Patients and methods
A total of 71 individuals were enrolled in this study. They were divided into two groups.
Group A included 51 hypertensive patients with good LV systolic function (ejection fraction≥ 50%) and narrow QRS on the ECG (<120 ms). We excluded individuals with any of the following: acute coronary syndrome, diabetes mellitus, atrial fibrillation, significant valvular heart disease, chronic renal failure, pulmonary hypertension, or myocardial or pericardial disease.
Group B included 20 age-matched and sex-matched healthy volunteers and represented the control group.
All participants underwent standard two-dimensional echocardiography and TSI.
Results
The hypertensive group had significantly higher septal wall and posterior wall thickness than the control group. In addition, the LV mass was significantly higher in hypertensive patients than in controls (P < 0.05). The delay between the septal and lateral walls was significantly higher in hypertensive patients than in controls (67.882 ± 53.536 in HTN vs. 44.400 ± 39.495 in controls) (P < 0.05). The severity of dyssynchrony is significantly related to the LV mass, septal wall thickness, posterior wall thickness, and left ventricular end-diastolic dimension.
Conclusion
Patients with systemic hypertension and normal systolic function may demonstrate LV dyssynchrony by TSI. The severity of dyssynchrony is significantly related to LV mass, septal wall thickness, posterior wall thickness, and left ventricular end-diastolic dimension. Systolic dyssynchrony may identify hypertensive patients at risk for the development of congestive heart failure, and who may benefit from more intensive hypertension control at an earlier stage in their disease process.

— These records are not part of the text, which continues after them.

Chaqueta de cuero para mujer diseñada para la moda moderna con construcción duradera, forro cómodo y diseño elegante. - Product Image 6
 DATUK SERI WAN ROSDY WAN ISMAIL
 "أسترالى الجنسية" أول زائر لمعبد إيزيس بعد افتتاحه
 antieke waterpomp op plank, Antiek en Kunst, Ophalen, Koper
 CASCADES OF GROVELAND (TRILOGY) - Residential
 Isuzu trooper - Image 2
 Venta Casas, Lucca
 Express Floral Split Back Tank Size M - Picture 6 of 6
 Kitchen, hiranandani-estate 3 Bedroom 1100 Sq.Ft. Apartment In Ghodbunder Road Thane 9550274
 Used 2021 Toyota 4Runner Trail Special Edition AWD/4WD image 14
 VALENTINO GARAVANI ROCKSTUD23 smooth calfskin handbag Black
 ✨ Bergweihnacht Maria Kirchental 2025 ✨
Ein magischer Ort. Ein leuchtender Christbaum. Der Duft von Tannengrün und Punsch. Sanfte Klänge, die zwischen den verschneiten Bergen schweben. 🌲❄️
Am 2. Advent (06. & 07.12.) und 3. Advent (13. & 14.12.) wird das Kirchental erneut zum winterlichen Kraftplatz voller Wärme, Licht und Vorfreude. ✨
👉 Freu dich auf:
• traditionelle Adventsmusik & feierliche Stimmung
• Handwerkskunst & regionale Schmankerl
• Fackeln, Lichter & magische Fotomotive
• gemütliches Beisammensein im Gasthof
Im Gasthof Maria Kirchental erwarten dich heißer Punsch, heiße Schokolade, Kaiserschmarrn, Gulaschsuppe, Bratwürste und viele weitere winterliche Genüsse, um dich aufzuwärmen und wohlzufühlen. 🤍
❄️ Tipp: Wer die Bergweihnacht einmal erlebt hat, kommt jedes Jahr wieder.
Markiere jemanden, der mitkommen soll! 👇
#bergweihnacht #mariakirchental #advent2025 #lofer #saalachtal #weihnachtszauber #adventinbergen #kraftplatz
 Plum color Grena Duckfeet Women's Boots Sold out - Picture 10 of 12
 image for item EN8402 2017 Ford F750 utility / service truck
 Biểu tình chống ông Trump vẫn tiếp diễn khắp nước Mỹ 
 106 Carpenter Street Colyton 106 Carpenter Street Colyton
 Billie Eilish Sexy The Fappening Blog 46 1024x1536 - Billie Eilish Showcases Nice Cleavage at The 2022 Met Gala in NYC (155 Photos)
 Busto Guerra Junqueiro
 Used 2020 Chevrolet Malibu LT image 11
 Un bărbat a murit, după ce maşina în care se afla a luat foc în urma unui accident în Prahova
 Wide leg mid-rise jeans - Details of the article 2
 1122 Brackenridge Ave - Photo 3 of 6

Keywords: Dyssynchrony, hypertension, tissue synchronization imaging


How to cite this article:
Soliman MA, Yaseen RI, Ahmed MA. Left ventricular dyssynchrony in hypertensive patients with normal systolic function: tissue synchronization imaging study. Menoufia Med J 2014;27:407-12

How to cite this URL:
Soliman MA, Yaseen RI, Ahmed MA. Left ventricular dyssynchrony in hypertensive patients with normal systolic function: tissue synchronization imaging study. Menoufia Med J [serial online] 2014 [cited 2019 Nov 20];27:407-12. Available from: http://www.mmj.eg.net/text.asp?2014/27/2/407/141716


  Introduction Top


Hypertension is an important public health challenge in both economically developing and developed countries [1].

Recent analyses have shown that as of the year 2000, there were 972 million people living with hypertension worldwide, and it is estimated that this number will escalate to more than 1.56 billion by the year 2025 [2].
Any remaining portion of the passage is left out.